5 Common Mistakes Teams Make During CI/CD Implementation

This is a guest post by Raj Subrameyer

If you work in an agile environment, chances are you have heard the terms continuous testing and DevOps. Over the years, teams have realized the importance of finding defects earlier, and they have shifted testing left to ensure it begins right from the start of the development process and continues throughout the different phases of the delivery pipeline.

With rapid release cycles, collaboration has been the key to ensure successful product delivery. This has brought focus to DevOps, where development, testing, and operation teams all work together as one single unit.

The glue that binds DevOps and continuous testing together is a seamless CI/CD pipeline. Consequently, companies are frantically moving toward CI/CD integration, but they run into obstacles that hinder their progress.

Let’s look at five common mistakes organizations make during a CI/CD implementation, so you can avoid these traps successfully.

Confusion about what the terms mean

Teams are not always clear on what having a CI/CD pipeline means. They may not even be familiar with the distinction between the terms CI and CD, which is a cause for confusion.

Discuss these terms with everyone: 

  • Continuous integration: Continuously merging code into version control or the mainline branch several times a day
  • Continuous delivery: Having different changes deployed to different non-production environments, with tests triggered automatically and confirmed to pass

Continuous deployment: Keeping your application deployable all the time, and possibly deploying your application multiple times a day, like Netflix, Amazon, Facebook, and other companies do

Having clarity around these terms helps teams understand what needs to happen and which tools to use during different parts of the implementation.

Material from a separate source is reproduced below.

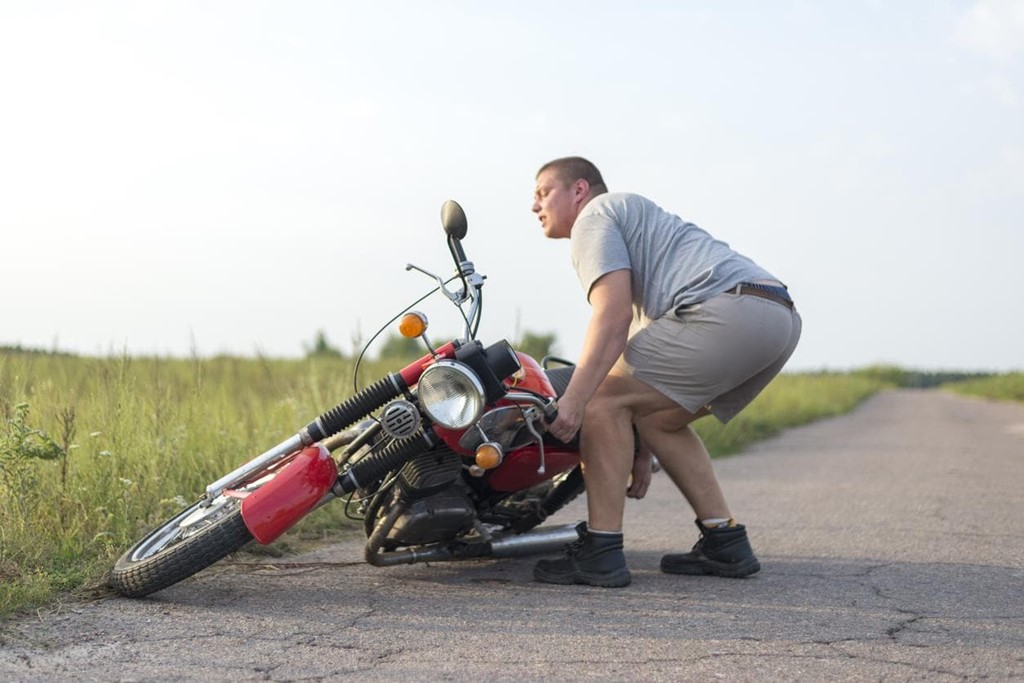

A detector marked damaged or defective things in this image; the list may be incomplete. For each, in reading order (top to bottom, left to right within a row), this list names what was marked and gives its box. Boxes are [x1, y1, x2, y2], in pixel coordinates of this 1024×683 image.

cracked asphalt road [2, 390, 1024, 683]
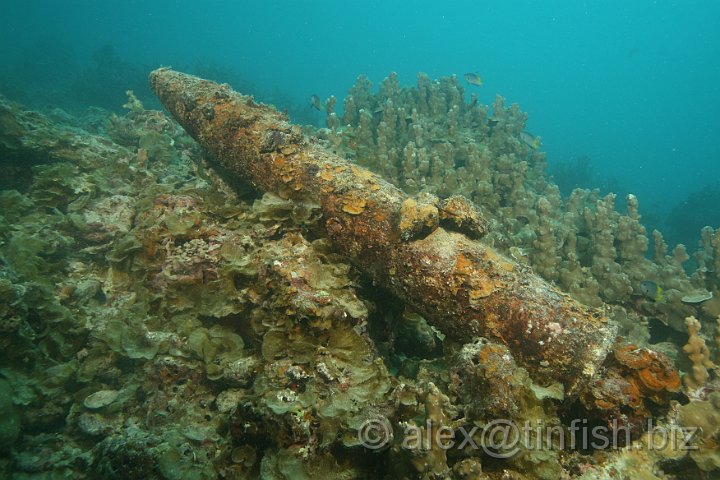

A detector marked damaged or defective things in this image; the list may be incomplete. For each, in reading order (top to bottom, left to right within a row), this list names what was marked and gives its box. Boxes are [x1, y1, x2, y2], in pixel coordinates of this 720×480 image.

Automating the wrong processes

A majority of companies implement CI/CD from scratch or make the transition gradually to a fully automated CI/CD pipeline. Quite often, companies make the mistake of automating the wrong processes or automating processes that are lower in priority. Then, they complain that the CI/CD pipeline does not add value to them.

Before jumping into CI/CD, ask yourself these basic questions:

  • What are the most time-consuming processes that are an obstacle to releasing faster?
  • What are the different things that need to be automated? Which are the highest priority?
  • What tests need to be created, and what needs to be run?
  • How should we handle automatic deployment to non-prod and prod environments?

The answers will help you prioritize your automation and save a considerable amount of time.

Insufficient team collaboration

To successfully implement CI/CD, we need QA, DevOps, Developers, Infrastructure teams to collaborate. The problem comes when each of these roles starts working in silos and does not talk to each other, especially when working in a CI/CD environment.

Any obstacles to open communication have to be addressed immediately so that there is a free flow of information across different teams. At any instant, the team should have a clear idea of the goals, responsibilities, and expectations from each one of them.

Not tracking the right metrics the right way

A common trend in large organizations is to use different dashboards and metrics to measure progress. However, if there is no consistency across teams, it results in communication gaps and companies spending money on unnecessary tools and extra licenses. The data from one team may not make sense to another team.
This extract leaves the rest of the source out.